If you want to make general statements, great. If you want to provide examples, also great. But if you want to complain that people respond concretely to your concrete examples, and when the concrete examples suck you want to complain that they didn’t bother to wrestle with the examples that you did not give you are just being strange. You are being especially weird in that you still haven’t bothered to give the little “e.g.” after repeated responses about the fact that you haven’t given the examples.
I don’t want to talk about France when you really meant Finland. And I don’t want to bother to talk about it at all if you really meant Luxembourg or Liechtenstein.
Norwegian Guy 05.16.12 at 5:24 pm
“I know that I am a minority of one. But, the major causes of Stalinist terror were internal not external.”

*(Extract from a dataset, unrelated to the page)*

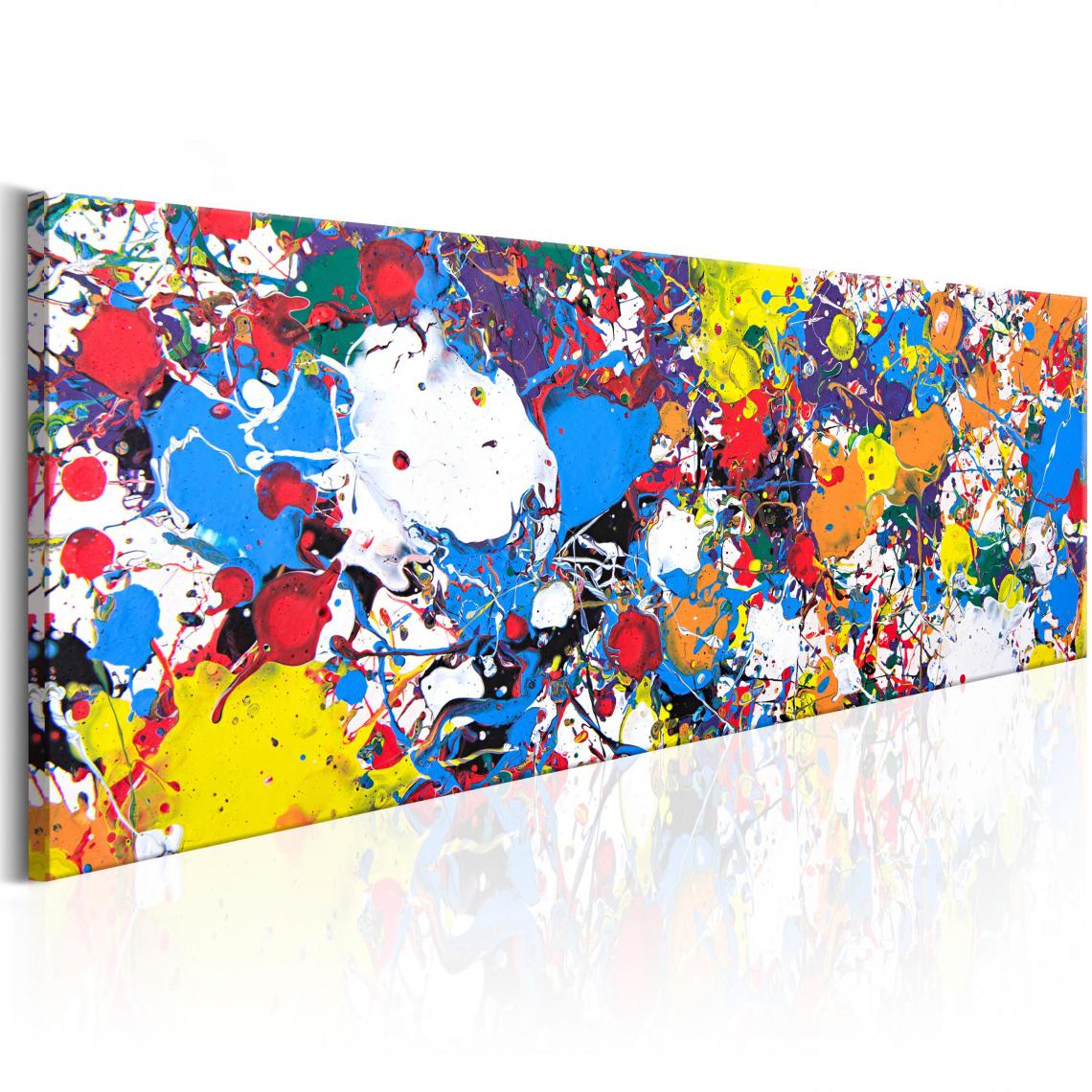 Decoshop26 - Tableau sur toile décoration murale image imprimée cadre en bois à suspendre Illumination arc-en-ciel 120x40 cm 11_0001804 - Tableaux, peintures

And here I had been believing that Crooked Timber were full of old Trots, but apparently the Stalinists are hegemonic now.
“To claim that absent the Allied Intervention in 1918-1920 there would have been no Stalinist repression is extremely naive.”

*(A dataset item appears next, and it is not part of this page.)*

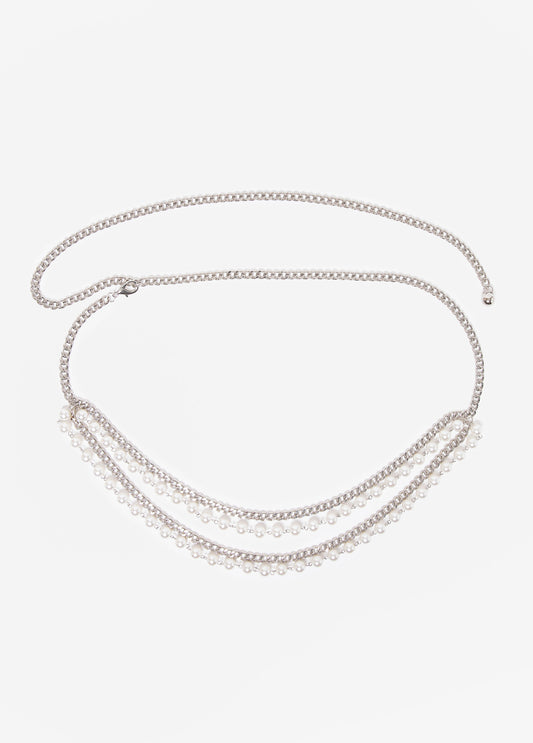 Faux Pearl And Chain Link Belt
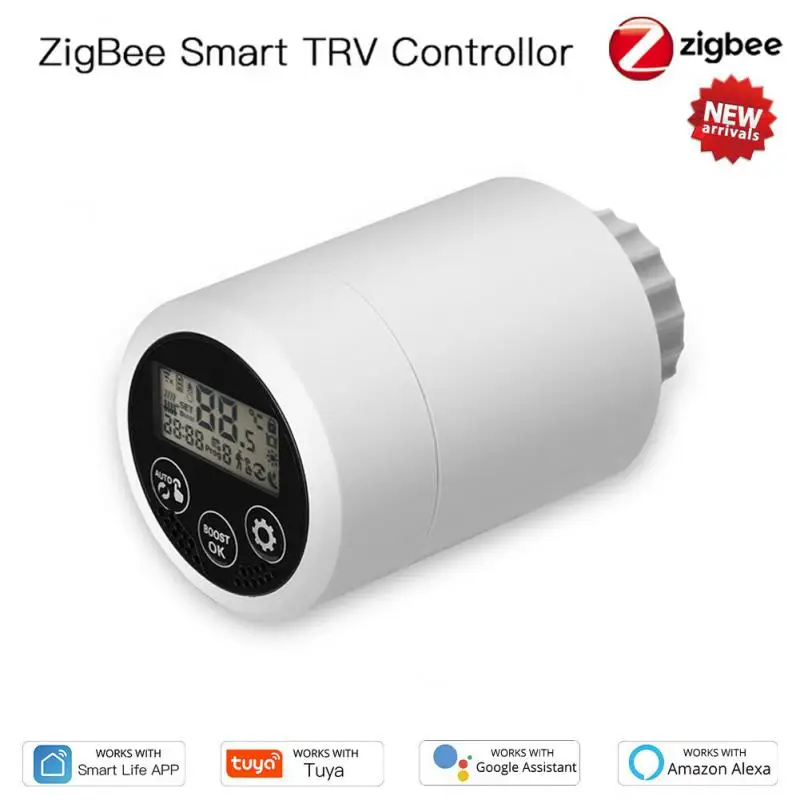 

Смарт-термостат Tuya ZigBee, привод радиатора, клапан, программируемый, TRV, Нагреватель температуры, голосовое управление, работает с Alexa Google Home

Isn’t the argument rather that, absent the Allied intervention, and more importantly the civil war and the war communism that was adopted during it, perhaps someone else than Stalin would have won the power struggle after Lenin’s death? Whoever this would be could have turned out to be worse, just the same, or better than Stalin in terms of the level of repression and violence. It doesn’t make sense to a priori exclude the latter possibility. You have yourself used Cuba to argue that it’s not impossible to have communist rule that is less repressive than in the Soviet Union of the 1930s.
“one of the reasons for the almost complete rehabilitation of Stalin in Russia today”

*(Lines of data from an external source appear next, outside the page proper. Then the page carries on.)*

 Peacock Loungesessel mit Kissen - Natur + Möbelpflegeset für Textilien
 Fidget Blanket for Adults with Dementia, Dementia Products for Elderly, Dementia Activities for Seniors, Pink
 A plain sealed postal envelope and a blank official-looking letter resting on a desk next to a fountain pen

Here I had the impression that nationalism, and nostalgia for the past among people who lost out in post-Soviet Russia, is what makes some people remember Stalin as fondly as they remember Ivan the terrible. Despotic leaders who win major wars are often remembered that way. It’s not unique to Russia either, just look at many of the despotic and bloodstained kings of the Viking era and the middle ages. Who is responsible for rehabilitating Charlemagne?
By the way, I’m not fond of this dividing up all possible economic systems and policies into “capitalism” and “communism”. The real world is more complicated than that, and at some point in a mixed economy the distinction breaks down. What doesn’t make sense is equating economic democracy, i.e. socialism, with dictatorship. Especially when done by rightists like Hayek, who aren’t that fond of democracy themselves.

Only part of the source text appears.